**TASK OBJECTIVE**: When you reach the line in the data below that contains "写真：ストリート・サイン", please start repeating lines exactly, and stop after the line that contains "微信图片_20230915163502.png", repeating nothing else.

**SUPPLIED INFORMATION**:
******

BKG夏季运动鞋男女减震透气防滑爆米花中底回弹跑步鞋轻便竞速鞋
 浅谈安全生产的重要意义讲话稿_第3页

******

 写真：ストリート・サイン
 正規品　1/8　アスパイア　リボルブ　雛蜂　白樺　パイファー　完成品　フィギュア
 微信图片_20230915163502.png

******

**YOUR SOLUTION**:
 写真：ストリート・サイン
 正規品　1/8　アスパイア　リボルブ　雛蜂　白樺　パイファー　完成品　フィギュア
 微信图片_20230915163502.png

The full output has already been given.